Сумрачные дни были почти неотличимы от вечеров. В огромных каминах замка постоянно горел огонь, но и жаркому пламени не дано было изгнать из комнат вездесущую сырость. Обитатели Мойдела в неуклюжей теплой одежде из шерсти и меха походили на медведей.
А Корум и Ралина — представители двух столь сильно отличавшихся друг от друга народов — суровой зимы будто и не замечали. Они пели друг другу песни, писали простые и ясные сонеты, в которых воспевали глубину и страстность своей любви. Безумие охватило обоих — если, конечно, считать безумием то, что опровергало порой основополагающие законы их бытия. Но то было сладостное безумие.
И все-таки безумие.
Когда миновали самые сильные холода и шторма, а весна еще не решалась заявить о своем приближении; когда на скалах еще лежал снег, когда лишь изредка можно было услышать голоса птиц в серых небесах над черными прибрежными лесами, когда свинцовое море, за зиму исчерпав свою силу и ярость, устало плескалось близ утесов — именно в эту пору поздним зимним утром среди голых деревьев на берегу были замечены странные мабдены верхом на косматых низкорослых лошадях. Изо рта у всадников валил пар, кони спотыкались на промерзшей, покрытой ледком земле, позванивала упряжь, громыхали военные доспехи…

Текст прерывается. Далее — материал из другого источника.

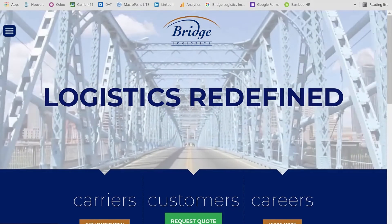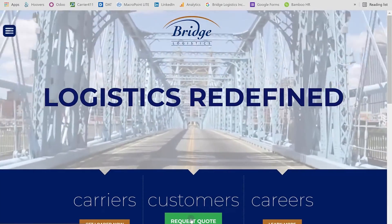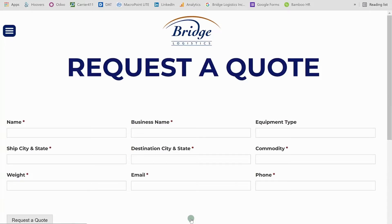Once the website opens, you simply come down here to Customers, then Request Quote, and all you have to do is fill out the information below. The more information you provide, the better. Any title that has an asterisk next to it, you must fill out and complete.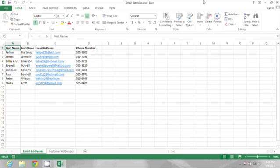On my spreadsheet, I have some first names, last names, email addresses, and phone numbers. I want to combine the first and last names together with a space in between.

Первым конных мабденов заметил Белдан, выйдя утром на крепостную стену немного поразмяться.
Белдан был тем самым юношей, что спас Корума, когда тот тонул в море. Увидев на берегу чужаков, он поспешил назад и с грохотом спускался по лестнице, когда какой-то человек со смехом преградил ему путь.
— Спешишь обрести уединение, Белдан? Его не внизу надо искать, а наверху!

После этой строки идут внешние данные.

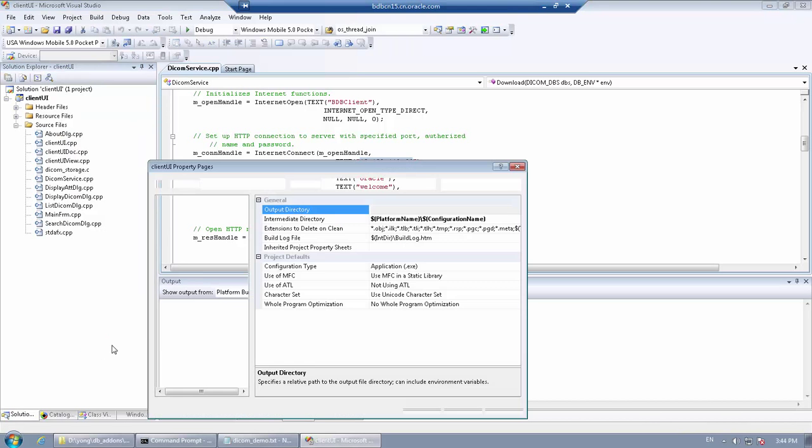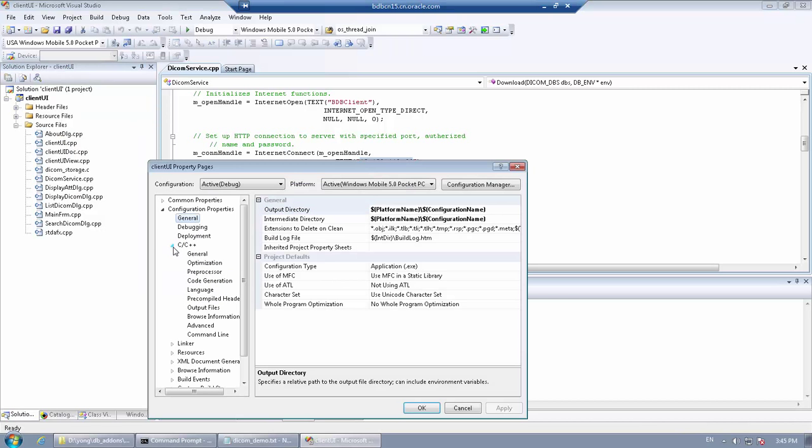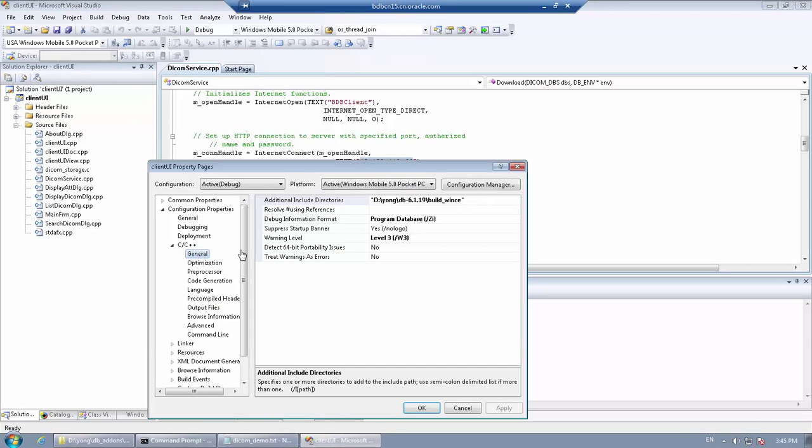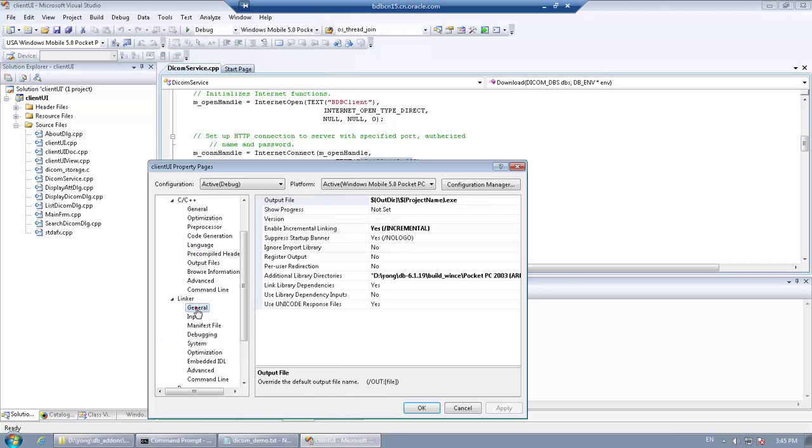You may also need to adjust a few properties according to your local environment. For example, the include directory and the library directory.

— Я спешил к тебе, принц Корум! Я только что видел их со стены! Очень большое войско, по-моему!
Лицо Корума словно туча закрыла; множество мыслей одновременно пронеслось у него в голове.
— А чье это войско, ты не разглядел? Это мабдены?
— Да. По-моему, это те лесные варвары, что владеют мохнатыми лошадками.
— Из-за их набегов, кажется, и было основано маркграфство?
— Верно, но они нас не беспокоили уже лет сто.
Корум мрачно улыбнулся.
— Похоже, все рано или поздно оказываются жертвами собственного неведения… Неведение и благодушие погубило вадагов, Белдан! Скажи, сможем ли мы защитить замок?
— Сможем, если войско все-таки не слишком большое. Может, мне показалось… Вообще-то эти варвары вечно враждуют между собой, так что в их отрядах редко больше двух-трех десятков воинов.
— А сколь велик был этот отряд? Как тебе кажется?
Белдан удрученно покачал головой.
— Боюсь, на этот раз их там гораздо больше, принц.
— В таком случае скорее поднимай всех, кто может держать оружие. А как насчет ваших летучих тварей?
— У них зимой спячка. Их сейчас ничем не разбудишь.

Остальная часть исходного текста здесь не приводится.